最新コスメ科学 解体新書【第29回】

コスメ業界研究② バリューチェーンと陰の主役


・化粧品業界におけるバリューチェーンの全体構造
 化粧品業界のバリューチェーンは、原材料の調達から研究開発、製品の製造、そしてマーケティング、流通、最終的な販売・小売に至るまでの一連のプロセスで構成されています。この一連の流れそのものは、食品や日用品といった一般的な消費財のバリューチェーンと基本構造において大きな違いはありません。  しかし、化粧品という特殊な製品群において、どのプロセスが企業の競争優位性を生み出しているかという点に目を向けると、興味深い構造が見えてきます。

 世間一般の消費者が目にする機会が最も多いのは、テレビCMやSNSによる華やかなプロモーション、百貨店やドラッグストアなどの洗練された売り場、あるいは洗練されたパッケージによる販売・小売といった、いわゆるバリューチェーンの「川下」の領域です。しかし、日本の化粧品産業や関連企業が高い競争力を持ち、世界的な優位性を確立しているのは、目につきにくい「川上」から「川中」に位置する領域です。

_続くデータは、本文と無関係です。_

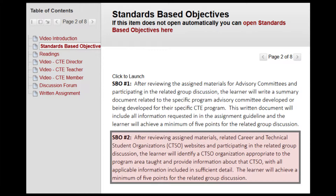Standards-based objective number two reads: after reviewing assigned materials, related career and technical student organizations websites, and participating in the related group discussion, the learner will identify a CTSO organization appropriate to the program area taught and provide information about that CTSO with all applicable information included in sufficient detail. The learner will achieve a minimum of five points for the related group discussion.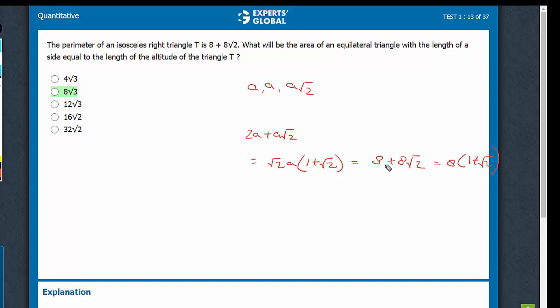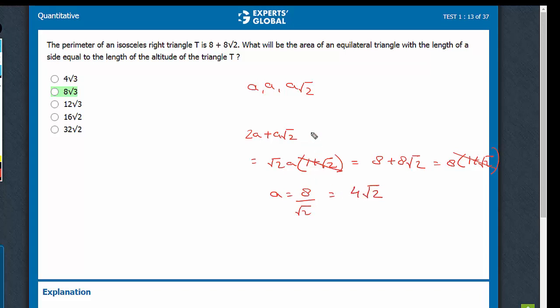If these two are equal, then the 1 plus root 2 terms can be cancelled. So a is equal to 8 upon root 2, which is the same as 4 root 2. So we have the value of a now.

 具体的には、最先端の界面化学や皮膚科学に基づく「研究開発・処方設計」、高品質かつ安全な素材を提供する「原料・資材供給」、そして厳しい品質管理のもとで寸分の狂いもなくバルク(化粧品の中身)を作り上げる「製造(生産)」のプロセスにあります。日本のものづくりが持つ精密さ、安全性への徹底したこだわり、そして高度な化学技術は、この川上・川中のプロセスにおいて強力な付加価値を生み出しています。近年では、地球規模での環境意識の高まりやクリーンビューティーの潮流、さらに各国での法規制の厳格化を受け、このバリューチェーンの起点である「原料メーカー」や「OEMメーカー」の領域で劇的な技術イノベーションと地殻変動が起きています。そこで以下では、バリューチェーンを支える重要な構成要素である各原料セグメントおよびOEMの実態について掘り下げていきましょう。  

・原料メーカーの動向①:界面活性剤の進化と環境対応 
 化粧品、特に洗顔料、クレンジング、シャンプー、ボディソープなどの洗浄系製品や、乳液・クリームといった乳化製品において、バリューチェーンの最も上流で製品の基礎機能を決定づけるのが「界面活性剤」です。